* [What needs to be done]:
When you reproduce the data, keep every word exactly as it stands and leave the pictures out.

* [Source data]:

=== Section Start ===

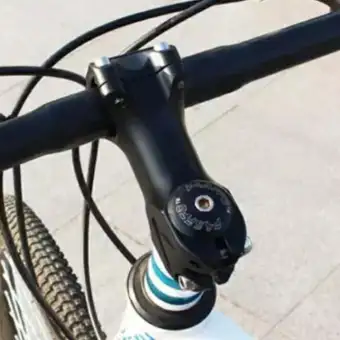 long bike stem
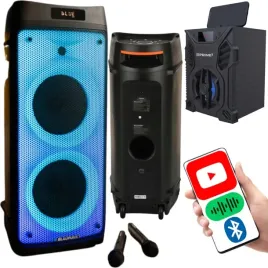 zestaw-2-glosnikow-blaupunkt-pb08db-i-aps11-700w-bluetooth-karaoke-mikrofon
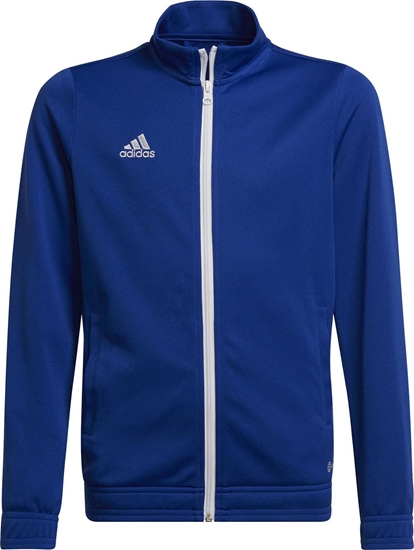 Picture of Adidas Bluza adidas Junior Entrada 22 Track HG6288 : Rozmiar - 140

=== Section End ===

* [Worked solution]:
 long bike stem
 zestaw-2-glosnikow-blaupunkt-pb08db-i-aps11-700w-bluetooth-karaoke-mikrofon
 Picture of Adidas Bluza adidas Junior Entrada 22 Track HG6288 : Rozmiar - 140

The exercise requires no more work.